Task description — Your reply should contain nothing except the lines from the one with "Kathryn McGredy rose photo" through the end of the listing below, reproduced exactly and stripped of pictures.

§

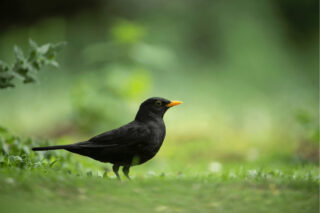 A Blackbird stands on grass.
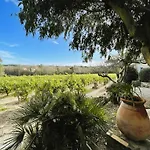 La Rouillere 3 - Authenticite Serenite Au Coeur Des Vignes T2 A ラマチュエル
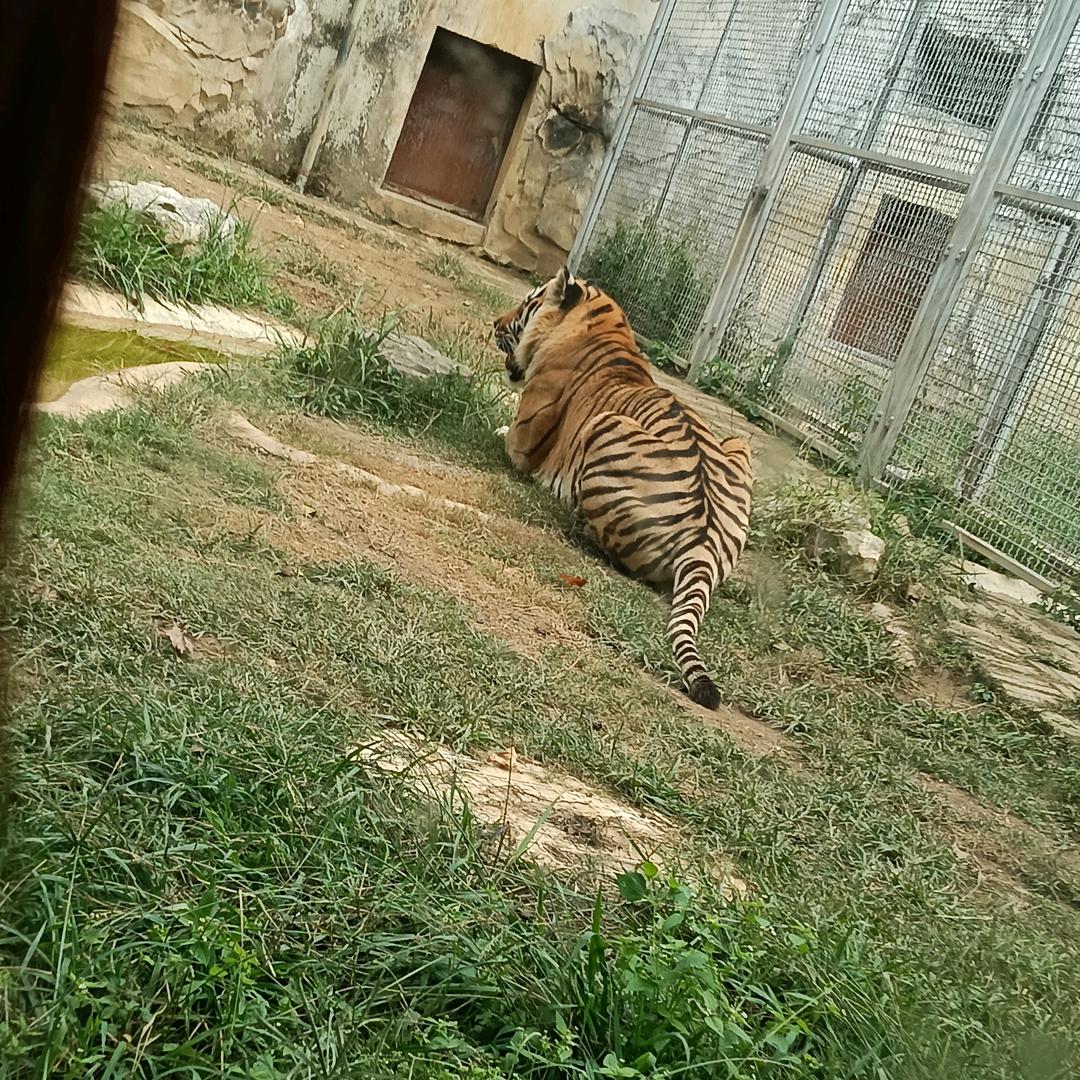 赘婿登场٩(•̀b •́ )و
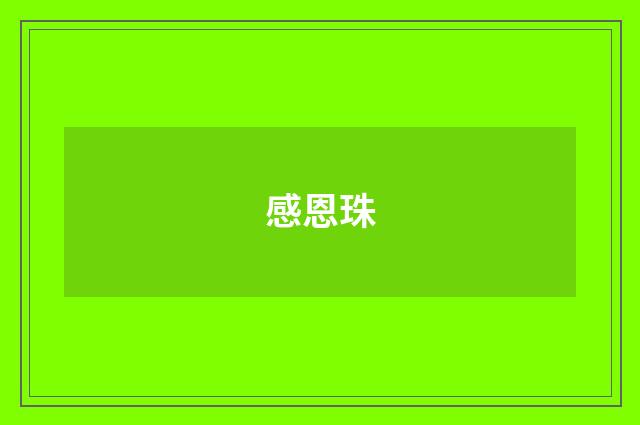 感恩珠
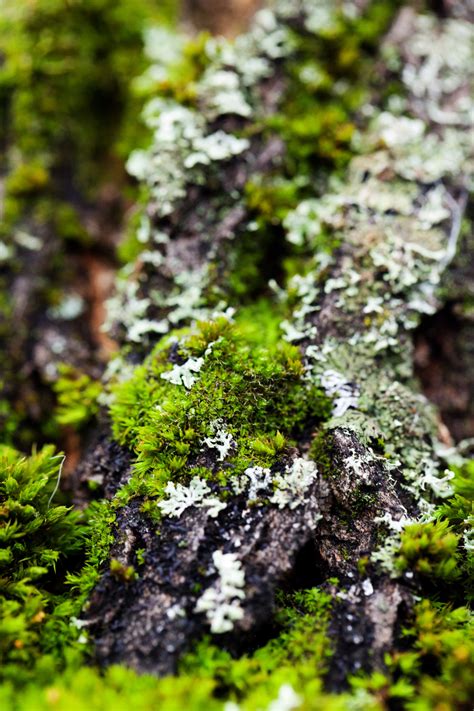 Detail Of Moss Free Stock Photo Public Domain Pictures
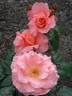 Kathryn McGredy rose photo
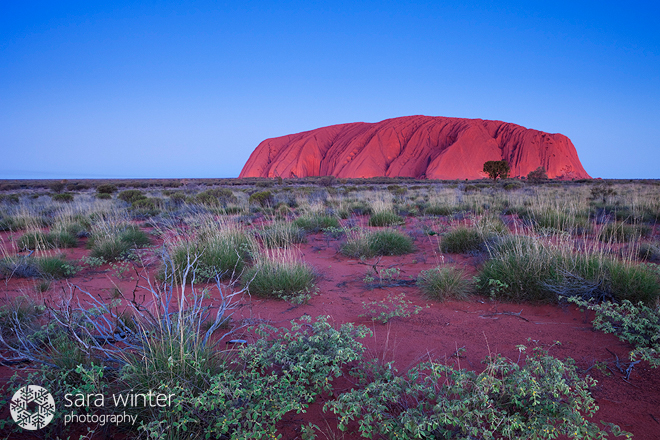 Uluru Sunset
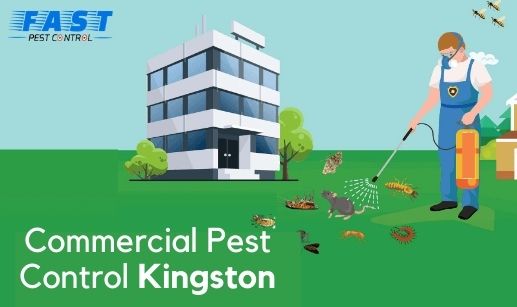 Commercial Pest Control Kingston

§

Exercise result —
 Kathryn McGredy rose photo
 Uluru Sunset
 Commercial Pest Control Kingston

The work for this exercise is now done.